For instance, the size of the canvas and what the mediums cost you becomes more important than what the painting reminds you of, and if you have any emotional attachments to it. Once you are confident about the value, you can reason it with the buyer and stand firm in your shoes.

Find the Formula That Works for You

You can look into the components of different standard formulas that artists use worldwide and figure out what is important to you. While several people follow the square-inch procedure in which they sell art as per the dimensions of the canvas, others include costs like the materials used.

Another way to go about it is to use an hourly wage system, in which you multiply the hours spent making art with a standard pre-set rate. It can ensure that you receive the due value while considering the effort and time consumed by the commission. 

Here are the details about the two pricing formulas most popular with artists cum business owners.

Square Inch Formula

You can find the area of the painting by multiplying the canvas length by its width. Secondly, set a rate that you apply per square inch. For example, you can price each unit at $10 if your art is brilliant and takes a lot of effort, or you can determine your rate to $5 if it’s more light-hearted.

The per square-inch rate can also vary according to the medium. Since oil paints are more expensive and take longer to dry, those paintings often cost more than their watercolor counterparts. Once you have a pre-determined rate and the dimensions of a particular work, it’s easy to multiply the two and set the price.

To demonstrate, suppose that the artist worked on a primed canvas using acrylics, and their individual rate is as follows.

Rate: $7 per square inch

Canvas dimensions: 10 x 8’’

Canvas Area: 80 square inch

Pricing = Rate x Area

80 x 7 = $560

The final price would ensure an excellent worth of the painting, but you can also round it off to what seems appropriate.

Hourly Wage System

Alternatively, you can set a flat rate for an hourly wage and then determine the price. By introducing time into the equation, this formula ensures that each minute you spend working on a project amounts to something, whether you work before dawn or in the afternoon. Using an hourly wage system is also a great way for artists to manage their time.

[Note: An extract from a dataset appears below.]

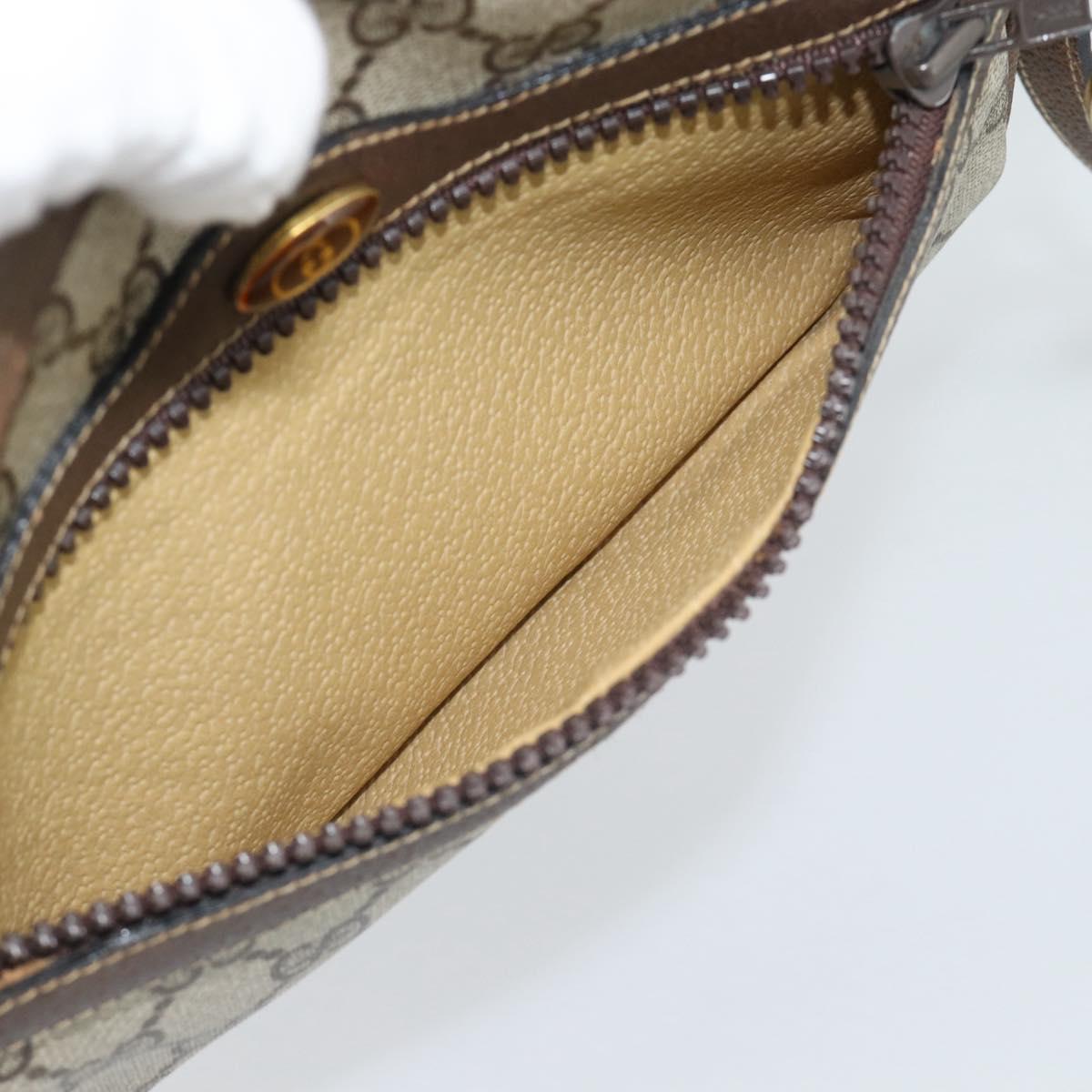 GUCCI GG Supreme Web Sherry Line Shoulder Bag PVC Beige Gold Auth ep15625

For instance, a rate of $15 per hour can be apt. This way, if a commission took you 8 hours to complete, you can estimate the final price:

Price = Hourly Rate x Hours Spent

=15 x 8


How to Price Your Art – Conclusion

These are two simple formulas you can use when you want to price your art, but you may want to factor in other things. For example, all your canvases may not be rectangular or square-shaped, in which case you should change the formula used.

Whether you wish to include the hours the painting takes to dry in between is also an option for oil paints. Moreover, many artists add the value of their materials to the final rate. Including the cost of materials can be immensely helpful if you are looking to expand your art supplies collection!